George: This is a really hard question to answer because we really do love all these artists. If we had to choose, it's probably most important for us to mention Mammal Hands. Our friends Maribou State turned us onto them a few months back and we've since discovered some of our favourite music of the past few years. They're a trio signed to Matthew Halsall's Gondwana Records who, we feel, haven't had the full recognition they deserve yet, considering their great talent. Hopefully, including them in this mix should turn anyone who listens to the track into a fan. The sound they create from just three instruments is really quite extraordinary and moving, and we felt "Hourglass" is a powerful example and introduction into their modern brand of jazz. 

Any tracks that narrowly missed the cut?
George: One track we desperately wanted to include but proved too difficult, is "Remember The Rain" by Khadja Bonet. It's one of those records we both fell in love with instantly. It's a very classic-sounding track that evokes a serious amount of nostalgia and melancholy. The songwriting by Marvin Smith is impeccable and Khadja's voice is so beautiful, you believe every word she sings. Like Mammal Hands, in our opinion, she hasn't seen anything like the degree of acknowledgement we believe she deserves. Khadja's music really transcends time, to the point where you forget she's a modern artist.

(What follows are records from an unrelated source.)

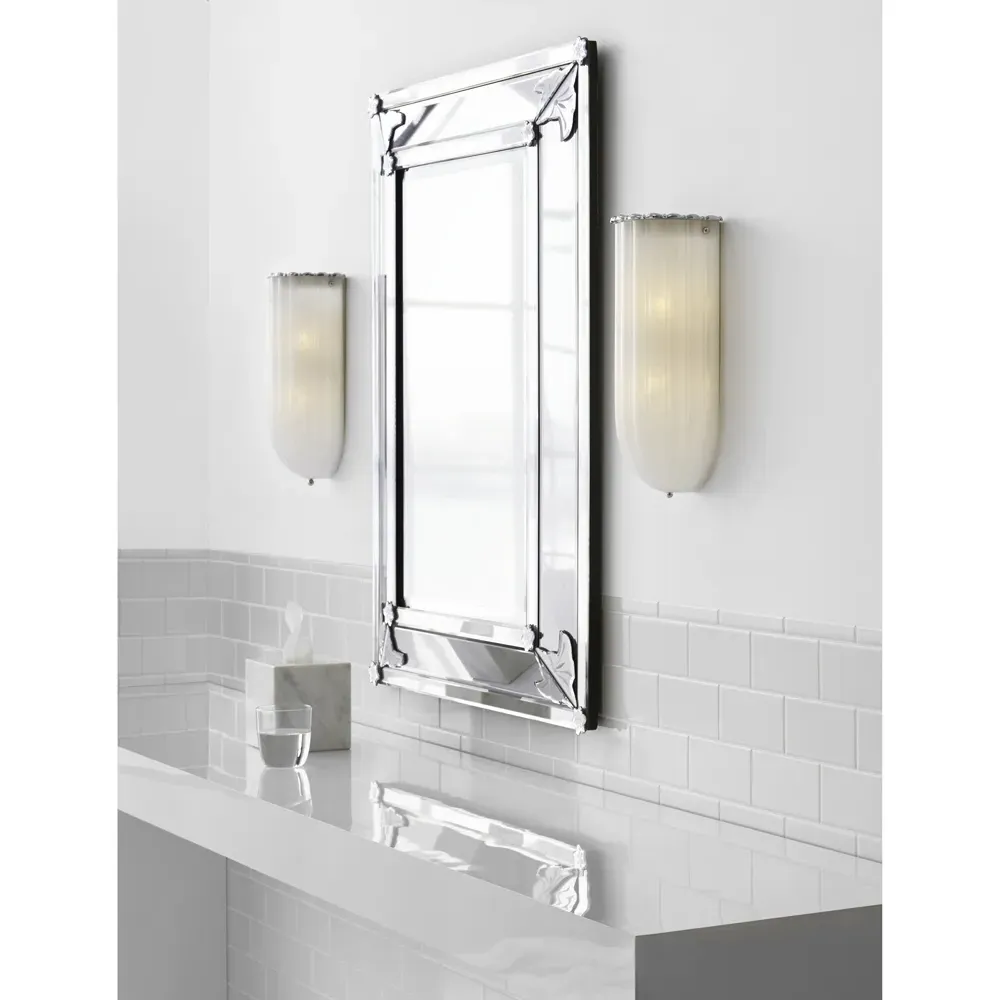 Rosehill Linear Sconce - Polished Nickel, Glass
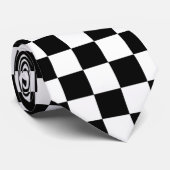 Kariertes Schwarzweiss-Muster Krawatte (Gerollt)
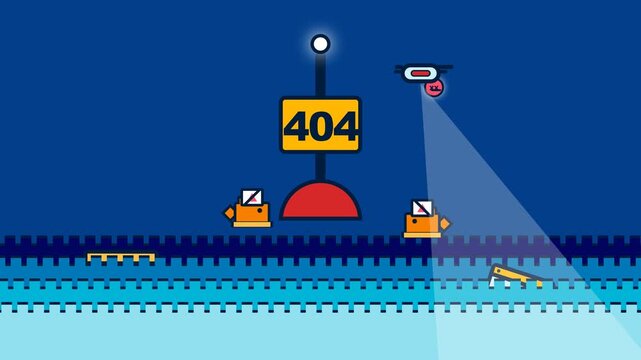 Stylized 404 Page Not Found Error Interface with Robotic Searchers and Spotlight on Blue Background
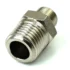 Close-up of the ECM C229900519 Straight Fitting 1/4 x 1/8, a metallic adapter with a hexagonal middle and external threads on both ends, designed for connecting pipes or tubes. © 2025 1st-line.com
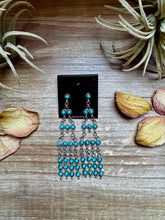 Load image into Gallery viewer, Sterling Silver & Kingman Turquoise Chandelier Earrings – Made in USA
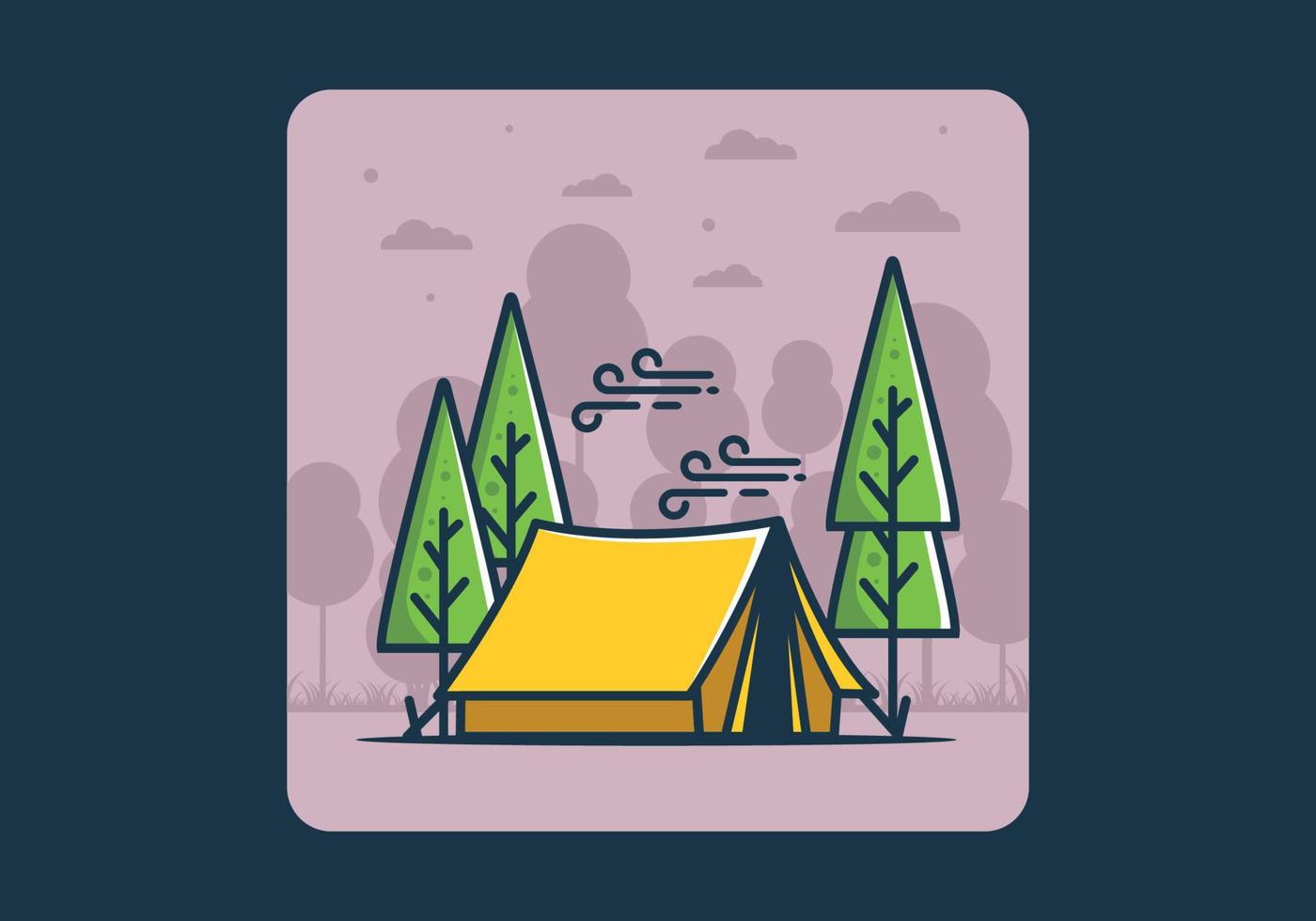 Big camping tent and pine trees illustration vector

What's the first single or album you ever bought?
Adam: I think the first single I ever bought was "Who Let the Dogs Out?" by Baha Men when I was 6. Definitely a wise purchase and a track that, in hindsight, seems to stem from classic jazz. A groundbreaking record that will most definitely be remembered in 500+ years from now. In fact, it's safe to say it will be the single decade-defining record people will think of when they think of the 2000s. The best quality of the song is its ineffable sincerity, a quality this answer sadly does not have. 

What's the last physical record you bought?
Adam: The last record I bought was either "Global Erosion" by Chaos In The CBD or Y Su Taller De Musica by Juan Carlos Calderon. The former being one of our favourite dance tunes of this year and the latter being one of our favourite Spanish funk albums.

What do you want to see happen musically over the next 12 months?
George: Over the past few years there have been some incredible artists emerging, and there have also been amazing albums released by preexisting artists maturing their sound, like Hiatus Kaiyote, Tame Impala, Gold Panda etc. We both think it's a very exciting time for music. Genres are being blurred and interesting sonic combinations are being made that haven't been done before. Our dreams for the future of music, would be for tools like the internet to be used by more people to find all this amazing music themselves and not just take what they are fed by the radio. The best example of what we'd like to see happen is have an incredible and forward-thinking band such as BADBADNOTGOOD have a top ten hit. That would be the day we can all go home and pat ourselves on the back.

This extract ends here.